Regardless of which way the base rate moves, savers will likely be watching carefully and adapt their priorities accordingly.
Aldermore’s research found that previous Bank of England interest rate decisions had an impact upon savers’ motivations.
Following the decrease in rates from 0.25 to 0.10 percent in March 2020, one in seven (14 percent) UK adults said it made them less inclined to save.
Among those that were encouraged to save less, over half (57 percent) said it is because they will earn less interest on their savings.
While the Bank of England has detailed they do not intend to introduce negative rates in the coming months, they have taken certain actions which indicate possibility.
In late 2020, Andrew Bailey, the Governor of the Bank of England, was questioned by a Treasury Select Committee and when the topic of negative rates came up he detailed the option was “in the box of tools”.
More recently in mid-January, Silvana Tenreyro, a member of the monetary policy committee (MPC) at the Bank of England, highlighted her views on the effectiveness of negative interest rates.

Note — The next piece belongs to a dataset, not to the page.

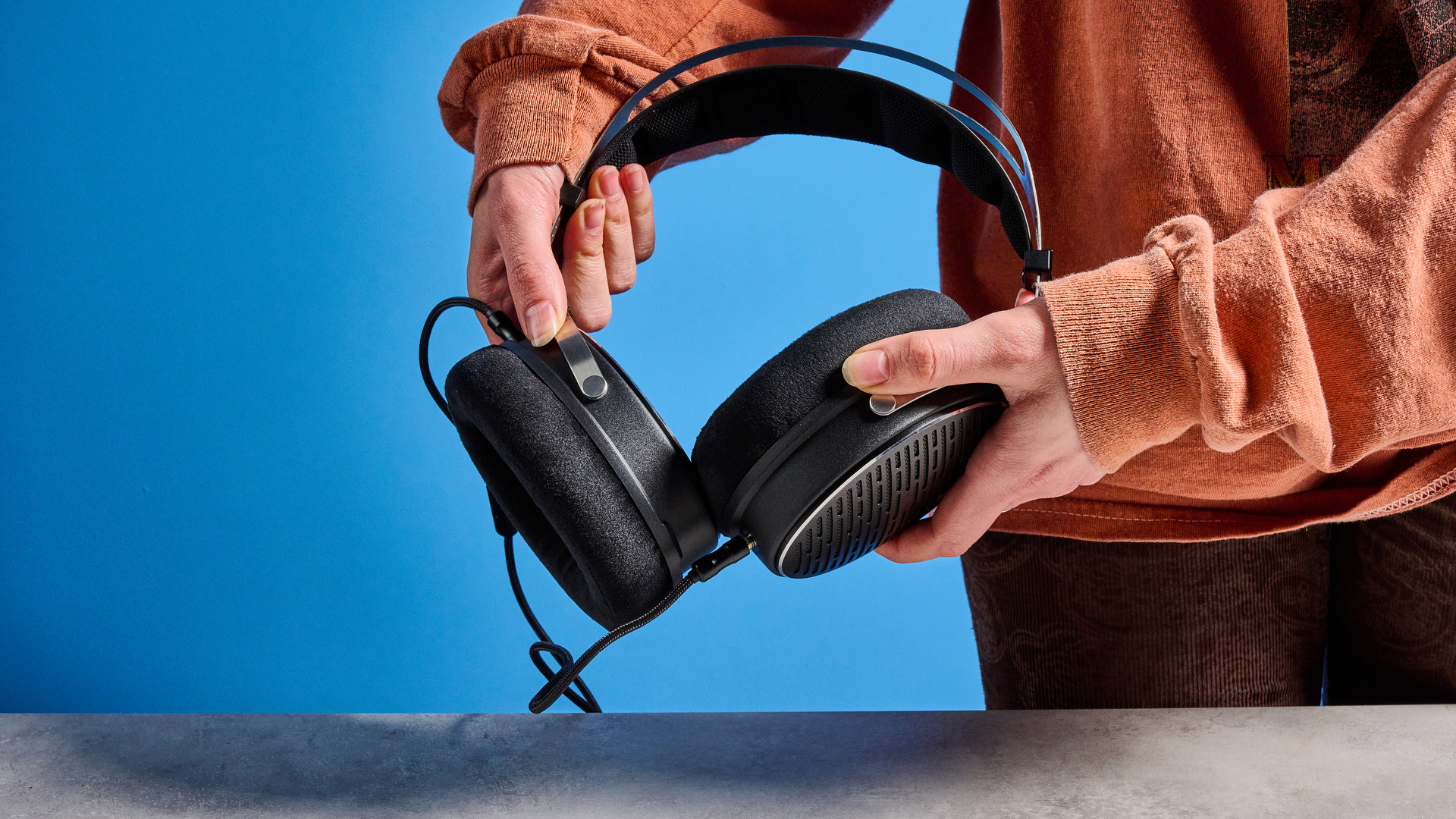 אוזניות ה-FiiO JT3 בשחור וכסף המוצגות על רקע המדריך הכחול של Tom's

In a speech delivered to the University of the West of England, Silvana confirmed the following: “My overall assessment is that, while we can never have complete certainty, negative interest rates should with high likelihood boost UK growth and inflation.
“Cutting the bank rate to a record low of 0.1 percent has helped loosen lending conditions relative to the counterfactual, and I believe further cuts would continue to provide stimulus.”
On top of this, it should be remembered that the Bank of England also wrote to retail financial firms in recent months asking for an assessment of their preparedness of a potential negative rate environment.